* _Exercise requirements_: Within the records that follow, determine how many lines include the word "Apple". State the number and nothing further.

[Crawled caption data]
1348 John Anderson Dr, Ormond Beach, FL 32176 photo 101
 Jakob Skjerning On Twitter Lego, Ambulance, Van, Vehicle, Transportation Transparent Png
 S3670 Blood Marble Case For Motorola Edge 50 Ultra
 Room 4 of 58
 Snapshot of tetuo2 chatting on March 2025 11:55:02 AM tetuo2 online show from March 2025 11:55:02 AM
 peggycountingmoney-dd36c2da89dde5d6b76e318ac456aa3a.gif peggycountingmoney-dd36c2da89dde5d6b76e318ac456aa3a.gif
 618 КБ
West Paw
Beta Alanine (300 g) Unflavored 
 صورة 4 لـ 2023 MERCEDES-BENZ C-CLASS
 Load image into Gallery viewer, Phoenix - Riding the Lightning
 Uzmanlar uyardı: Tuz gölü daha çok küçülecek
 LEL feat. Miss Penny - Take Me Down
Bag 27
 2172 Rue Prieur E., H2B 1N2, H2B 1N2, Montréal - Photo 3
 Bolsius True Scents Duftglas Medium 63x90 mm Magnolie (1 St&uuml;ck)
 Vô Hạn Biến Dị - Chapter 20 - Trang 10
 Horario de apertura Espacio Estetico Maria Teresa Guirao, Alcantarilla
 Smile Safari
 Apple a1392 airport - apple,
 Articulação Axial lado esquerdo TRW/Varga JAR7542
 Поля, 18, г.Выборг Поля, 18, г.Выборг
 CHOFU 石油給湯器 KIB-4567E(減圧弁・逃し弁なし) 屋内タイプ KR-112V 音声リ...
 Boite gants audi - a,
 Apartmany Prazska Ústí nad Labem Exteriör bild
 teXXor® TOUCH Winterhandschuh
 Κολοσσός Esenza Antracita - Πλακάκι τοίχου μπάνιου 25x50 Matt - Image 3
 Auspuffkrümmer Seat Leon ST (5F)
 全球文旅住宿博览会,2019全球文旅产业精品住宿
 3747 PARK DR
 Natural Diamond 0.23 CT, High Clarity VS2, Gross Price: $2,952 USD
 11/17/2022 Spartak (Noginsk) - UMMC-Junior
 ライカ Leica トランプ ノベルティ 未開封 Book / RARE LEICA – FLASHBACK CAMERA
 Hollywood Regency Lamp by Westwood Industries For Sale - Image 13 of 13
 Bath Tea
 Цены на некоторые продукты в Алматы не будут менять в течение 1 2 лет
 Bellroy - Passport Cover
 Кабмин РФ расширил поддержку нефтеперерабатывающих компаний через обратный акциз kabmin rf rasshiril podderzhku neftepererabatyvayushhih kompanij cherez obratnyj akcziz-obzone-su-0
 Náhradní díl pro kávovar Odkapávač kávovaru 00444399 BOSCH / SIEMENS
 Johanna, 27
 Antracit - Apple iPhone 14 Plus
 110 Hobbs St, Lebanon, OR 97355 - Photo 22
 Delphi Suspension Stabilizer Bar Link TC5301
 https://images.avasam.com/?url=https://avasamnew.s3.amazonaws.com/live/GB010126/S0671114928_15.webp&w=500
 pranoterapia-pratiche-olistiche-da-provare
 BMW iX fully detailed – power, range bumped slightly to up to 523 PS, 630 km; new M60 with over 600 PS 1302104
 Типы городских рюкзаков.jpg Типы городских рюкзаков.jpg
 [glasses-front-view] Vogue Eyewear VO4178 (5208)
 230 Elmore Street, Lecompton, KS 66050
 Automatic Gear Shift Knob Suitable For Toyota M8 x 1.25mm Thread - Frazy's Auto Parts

* _Response below_: 2